From f259fa7f9f601431c9e2481d1bd546db46e945ef Mon Sep 17 00:00:00 2001
From: MarKoeh <75181140+Mar-Koeh@users.noreply.github.com>
Date: Mon, 10 Jan 2022 11:47:49 +0100
Subject: [PATCH] [ARDMediathekBridge] Switch to JSON-API (#2380)
MIME-Version: 1.0
Content-Type: text/plain; charset=UTF-8
Content-Transfer-Encoding: 8bit
* Switch ARDMediathekBridge to JSON-API
The html screen scraping approach of ARDMediathekBridge did not work reliably. I could not find one show for which the item list was not empty using the html screen scraping approach.
The proposed change uses the JSON-API of the WebApp. Although there is still room for improvement (feed title, better understanding of the API, more accurate mimic of the webapp's behavior, de-pagination …), it does work with this change.
Indicate that now full URLs as well as just the ID are accepted.
---
bridges/ARDMediathekBridge.php | 79 ++++++++++++++++++++++++++++------
1 file changed, 67 insertions(+), 12 deletions(-)
diff --git a/bridges/ARDMediathekBridge.php b/bridges/ARDMediathekBridge.php
index 5ac8a41d..e3c9967a 100644
--- a/bridges/ARDMediathekBridge.php
+++ b/bridges/ARDMediathekBridge.php
@@ -4,14 +4,48 @@ class ARDMediathekBridge extends BridgeAbstract {
const URI = 'https://www.ardmediathek.de';
const DESCRIPTION = 'Feed of any series in the ARD-Mediathek, specified by its path';
const MAINTAINER = 'yue-dongchen';
+ /*
+ * Number of Items to be requested from ARDmediathek API
+ * 12 has been observed on the wild
+ * 29 is the highest successfully tested value
+ * More Items could be fetched via pagination
+ * The JSON-field pagination holds more information on that
+ * @const PAGESIZE number of requested items
+ */
+ const PAGESIZE = 29;
+ /*
+ * The URL Prefix of the (Webapp-)API
+ * @const APIENDPOINT https-URL of the used endpoint
+ */
+ const APIENDPOINT = 'https://api.ardmediathek.de/page-gateway/widgets/ard/asset/';
+ /*
+ * The URL prefix of the video link
+ * URLs from the webapp include a slug containing titles of show, episode, and tv station.

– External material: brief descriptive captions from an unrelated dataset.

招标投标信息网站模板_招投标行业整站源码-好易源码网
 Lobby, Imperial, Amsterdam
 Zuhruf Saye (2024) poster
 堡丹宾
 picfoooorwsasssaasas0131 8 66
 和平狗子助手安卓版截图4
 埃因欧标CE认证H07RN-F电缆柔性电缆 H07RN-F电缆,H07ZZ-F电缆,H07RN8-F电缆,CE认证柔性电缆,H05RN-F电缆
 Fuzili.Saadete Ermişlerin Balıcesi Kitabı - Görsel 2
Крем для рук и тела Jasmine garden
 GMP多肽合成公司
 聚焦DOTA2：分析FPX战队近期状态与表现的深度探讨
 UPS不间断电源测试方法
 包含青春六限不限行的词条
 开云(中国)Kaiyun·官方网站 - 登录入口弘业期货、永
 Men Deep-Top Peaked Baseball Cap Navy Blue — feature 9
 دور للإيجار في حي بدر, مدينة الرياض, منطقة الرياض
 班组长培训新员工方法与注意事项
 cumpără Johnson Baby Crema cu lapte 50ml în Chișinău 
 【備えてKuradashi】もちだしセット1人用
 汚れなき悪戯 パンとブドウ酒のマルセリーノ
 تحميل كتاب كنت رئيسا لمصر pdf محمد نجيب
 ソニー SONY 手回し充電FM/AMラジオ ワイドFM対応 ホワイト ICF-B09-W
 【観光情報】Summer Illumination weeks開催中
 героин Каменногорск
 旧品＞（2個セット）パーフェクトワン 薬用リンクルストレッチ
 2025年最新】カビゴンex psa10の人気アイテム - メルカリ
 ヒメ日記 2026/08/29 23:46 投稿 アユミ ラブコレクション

+ * It seems to work without that.
+ * @const VIDEOLINKPREFIX https-URL prefix of video links
+ */
+ const VIDEOLINKPREFIX = 'https://www.ardmediathek.de/video/';
+ /*
+ * The requested width of the preview image
+ * 432 has been observed on the wild
+ * The webapp seems to also compute and add the height value
+ * It seems to works without that.
+ * @const IMAGEWIDTH width in px of the preview image
+ */
+ const IMAGEWIDTH = 432;
+ /*
+ * Placeholder that will be replace by IMAGEWIDTH in the preview image URL
+ * @const IMAGEWIDTHPLACEHOLDER
+ */
+ const IMAGEWIDTHPLACEHOLDER = '{width}';
const PARAMETERS = array(
array(
'path' => array(
- 'name' => 'Path',
+ 'name' => 'Show Link or ID',
'required' => true,
- 'title' => 'Enter without trailing slash',
- 'defaultValue' => '45-min/Y3JpZDovL25kci5kZS8xMzkx'
+ 'title' => 'Link to the show page or just its alphanumeric suffix',
+ 'defaultValue' => 'https://www.ardmediathek.de/sendung/45-min/Y3JpZDovL25kci5kZS8xMzkx/'
)
)
);
@@ -19,17 +53,38 @@ class ARDMediathekBridge extends BridgeAbstract {
public function collectData() {
date_default_timezone_set('Europe/Berlin');
- $url = 'https://www.ardmediathek.de/sendung/' . $this->getInput('path') . '/';
- $html = getSimpleHTMLDOM($url);
- $html = defaultLinkTo($html, $url);
+ $pathComponents = explode('/', $this->getInput('path'));
+ if (empty($pathComponents)) {
+ returnClientError('Path may not be empty');
+ }
+ if (count($pathComponents) < 2) {
+ $showID = $pathComponents[0];
+ } else {
+ $lastKey = count($pathComponents) - 1;
+ $showID = $pathComponents[$lastKey];
+ if (strlen($showID) === 0) {
+ $showID = $pathComponents[$lastKey - 1];
+ }
+ }
- foreach($html->find('a.Root-sc-1ytw7qu-0') as $video) {
+ $url = SELF::APIENDPOINT . $showID . '/?pageSize=' . SELF::PAGESIZE;
+ $rawJSON = getContents($url);
+ $processedJSON = json_decode($rawJSON);
+
+ foreach($processedJSON->teasers as $video) {
$item = array();
- $item['uri'] = $video->href;
- $item['title'] = $video->find('h3', 0)->plaintext;
- $item['content'] = '';
- $item['timestamp'] = strtotime(mb_substr($video->find('div.Line-epbftj-1', 0)->plaintext, 0, 10));
-
+ // there is also ->links->self->id, ->links->self->urlId, ->links->target->id, ->links->target->urlId
+ $item['uri'] = SELF::VIDEOLINKPREFIX . $video->id . '/';
+ // there is also ->mediumTitle and ->shortTitle
+ $item['title'] = $video->longTitle;
+ // in the test, aspect16x9 was the only child of images, not sure whether that is always true
+ $item['enclosures'] = array(
+ str_replace(SELF::IMAGEWIDTHPLACEHOLDER, SELF::IMAGEWIDTH, $video->images->aspect16x9->src)
+ );
+ $item['content'] = '
'; + $item['timestamp'] = $video->broadcastedOn; + $item['uid'] = $video->id; + $item['author'] = $video->publicationService->name; $this->items[] = $item; } }